Data extracted from a collection
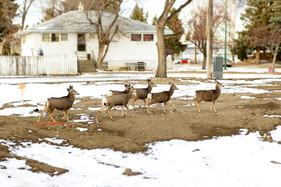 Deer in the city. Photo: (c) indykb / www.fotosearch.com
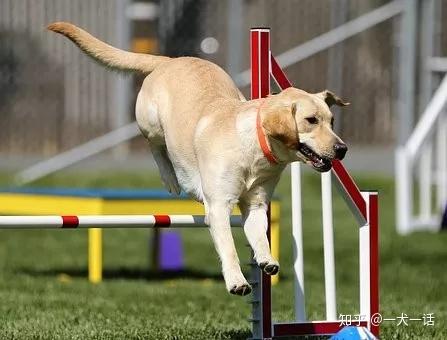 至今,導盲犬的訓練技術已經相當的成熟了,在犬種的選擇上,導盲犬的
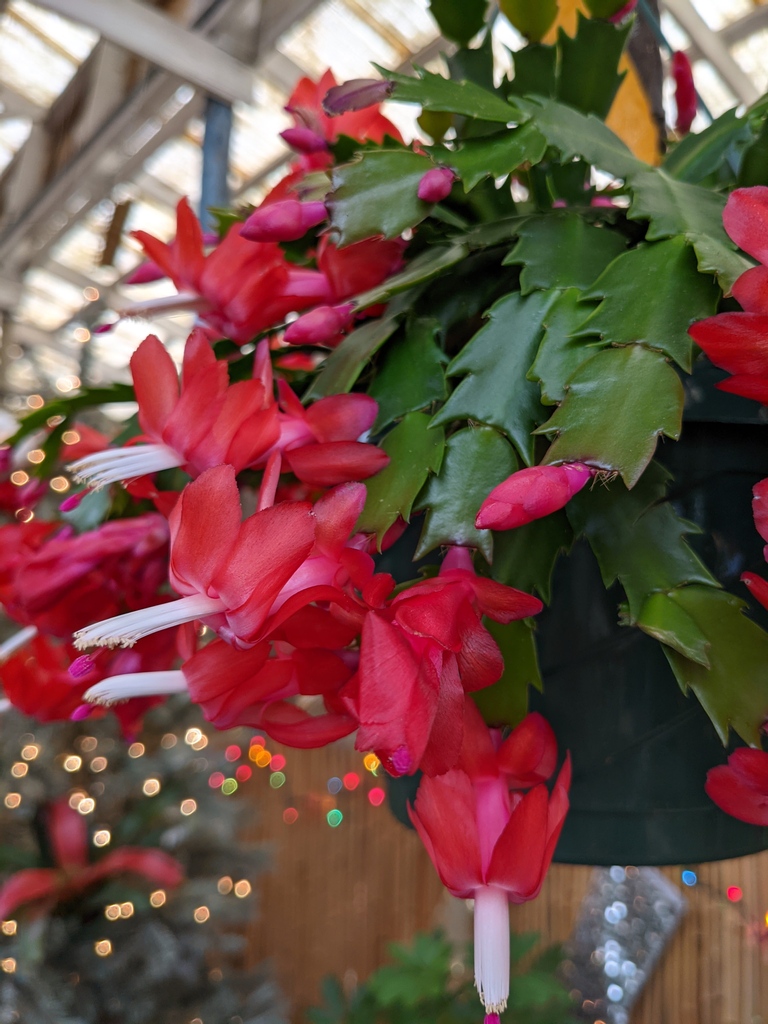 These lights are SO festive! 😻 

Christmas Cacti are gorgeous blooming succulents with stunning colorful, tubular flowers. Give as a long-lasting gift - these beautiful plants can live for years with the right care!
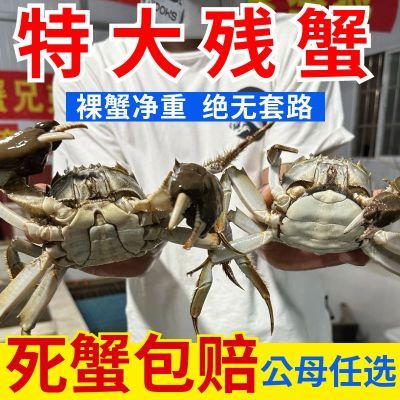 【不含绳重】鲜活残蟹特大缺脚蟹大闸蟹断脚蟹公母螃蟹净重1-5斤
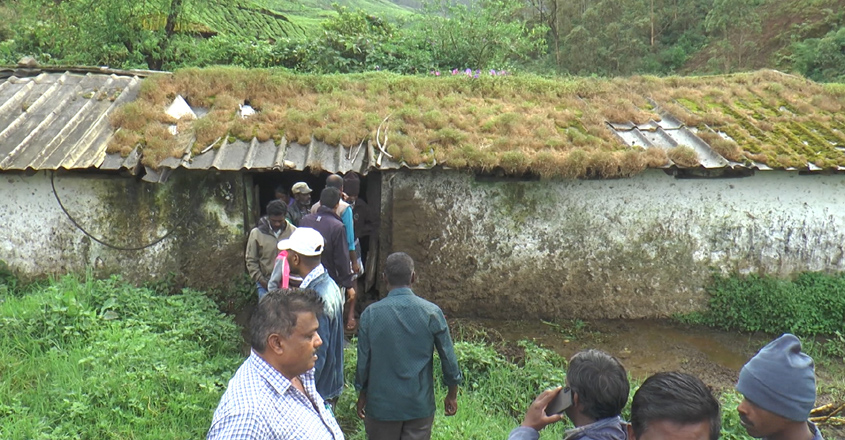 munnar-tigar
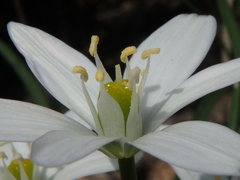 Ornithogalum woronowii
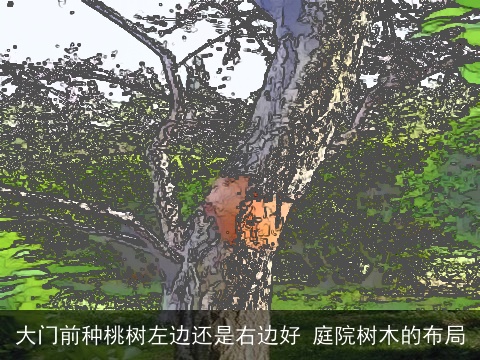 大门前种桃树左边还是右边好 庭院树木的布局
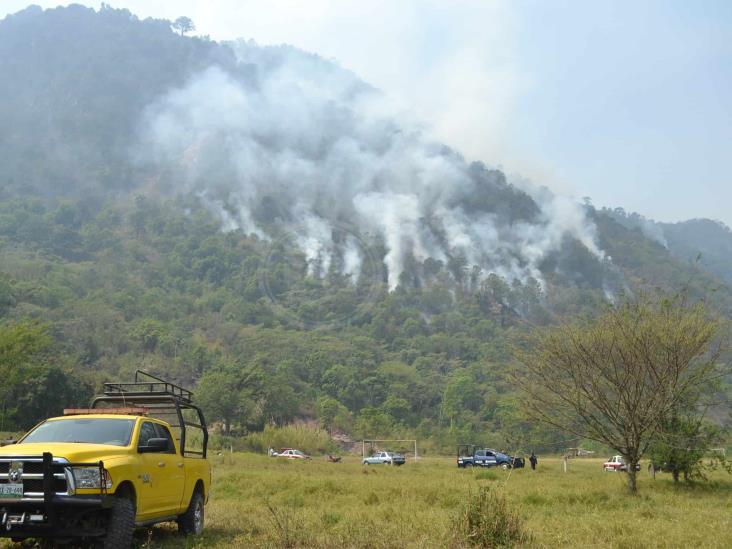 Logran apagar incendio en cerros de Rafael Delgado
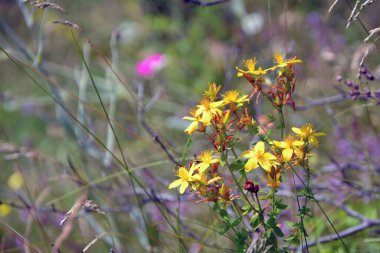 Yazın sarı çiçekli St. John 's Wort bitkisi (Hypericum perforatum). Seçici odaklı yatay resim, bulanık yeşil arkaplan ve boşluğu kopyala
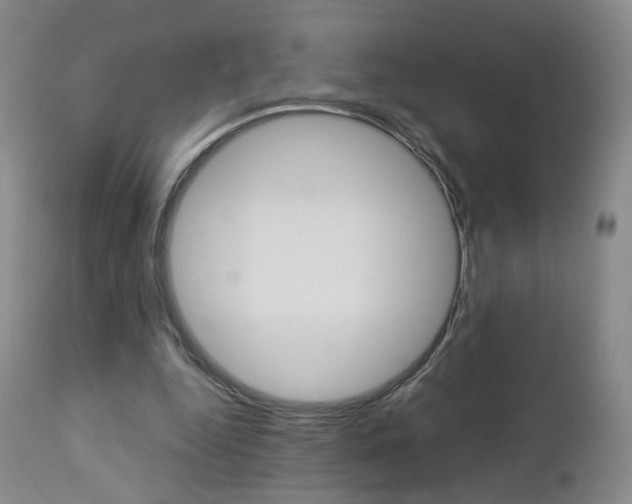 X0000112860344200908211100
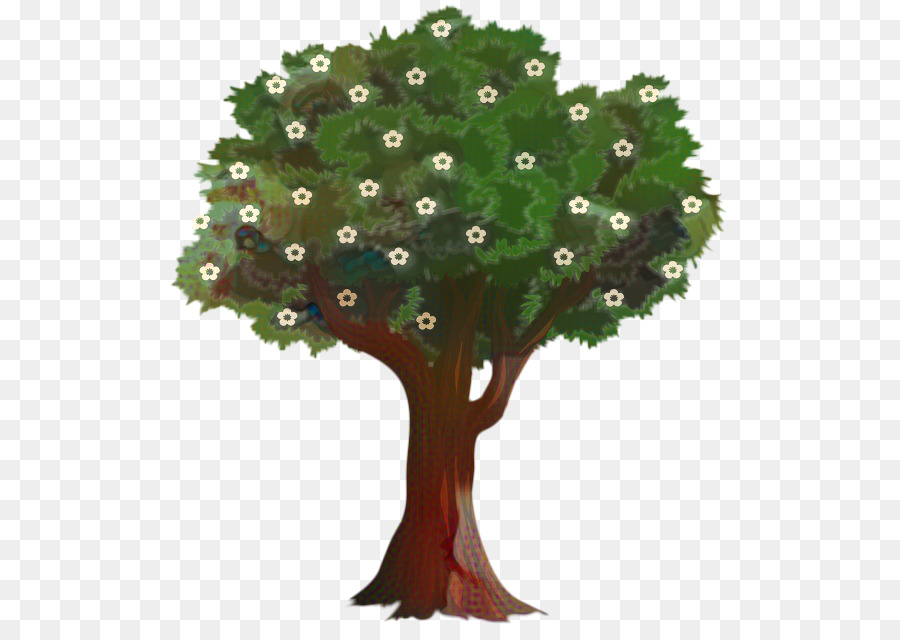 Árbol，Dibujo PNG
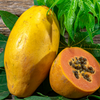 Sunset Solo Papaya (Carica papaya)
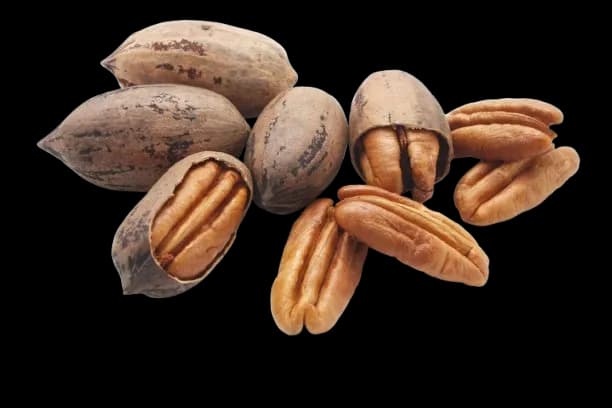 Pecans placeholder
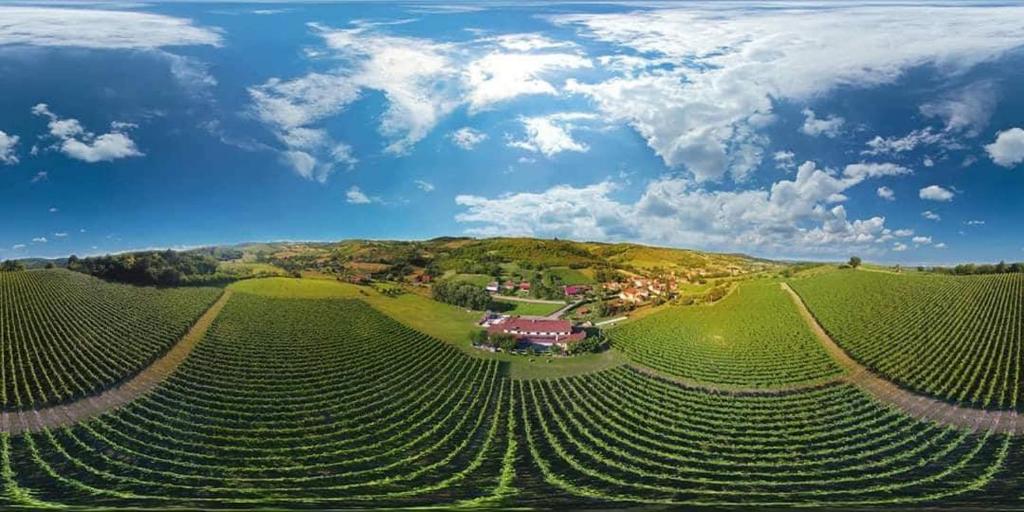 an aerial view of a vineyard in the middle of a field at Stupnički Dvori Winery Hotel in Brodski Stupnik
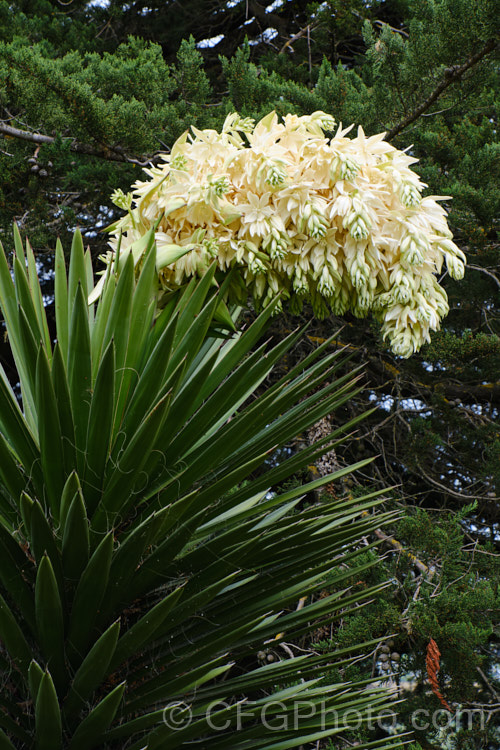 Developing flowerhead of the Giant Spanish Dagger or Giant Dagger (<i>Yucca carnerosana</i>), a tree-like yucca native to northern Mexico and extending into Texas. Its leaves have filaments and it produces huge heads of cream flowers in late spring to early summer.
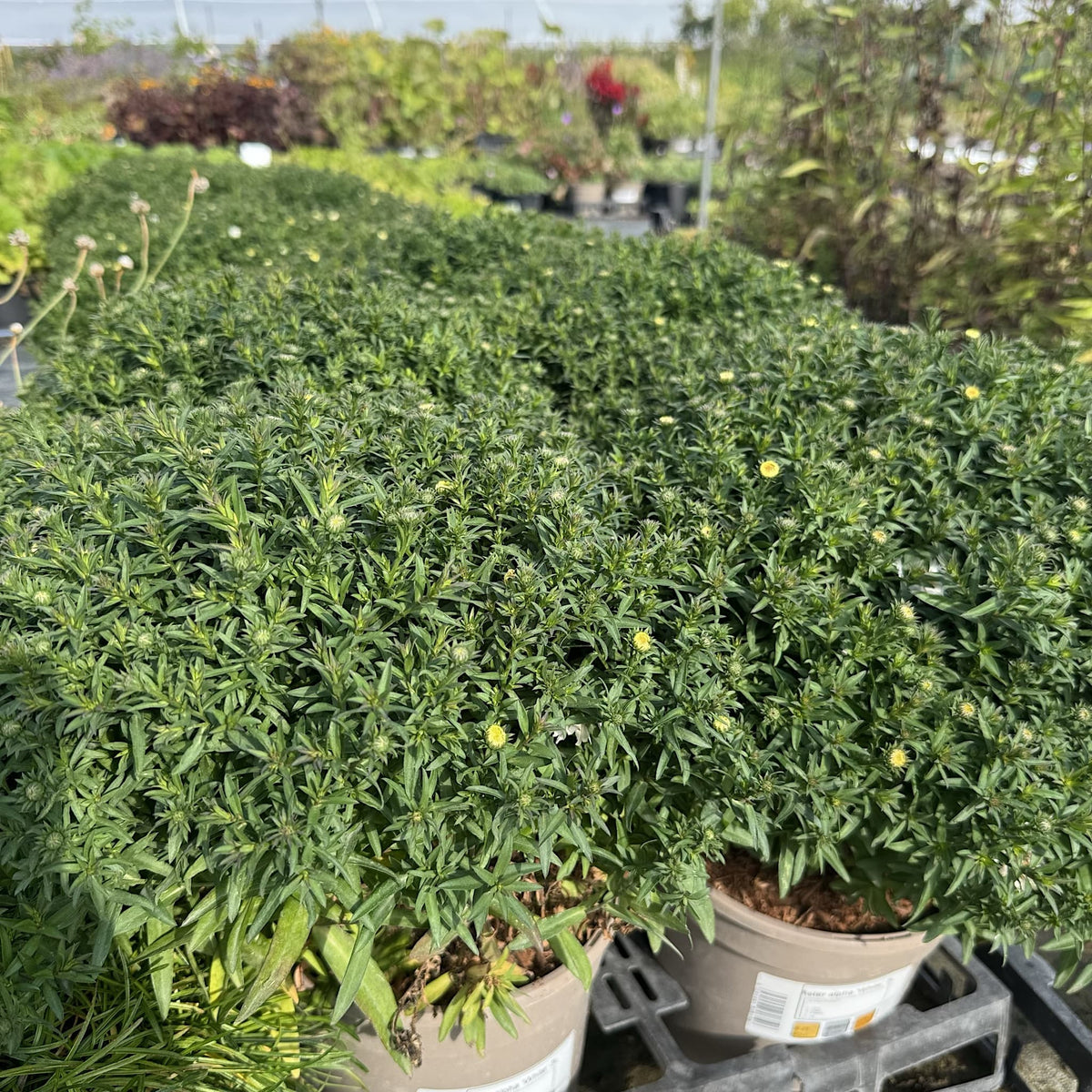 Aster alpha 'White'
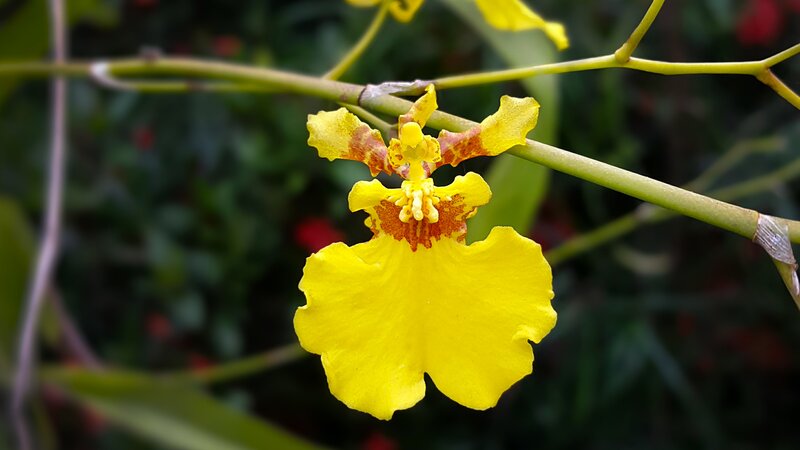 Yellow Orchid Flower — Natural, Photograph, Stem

## WORK REQUEST
In the entries above, find the line that contains "Christmas Cacti are" and the line that contains "大门前种桃树左边还是右边好 庭院树木的布局". Reproduce exactly those two lines and every line between them, but not the pictures.

## WRITTEN ANSWER
Christmas Cacti are gorgeous blooming succulents with stunning colorful, tubular flowers. Give as a long-lasting gift - these beautiful plants can live for years with the right care!
 【不含绳重】鲜活残蟹特大缺脚蟹大闸蟹断脚蟹公母螃蟹净重1-5斤
 munnar-tigar
 Ornithogalum woronowii
 大门前种桃树左边还是右边好 庭院树木的布局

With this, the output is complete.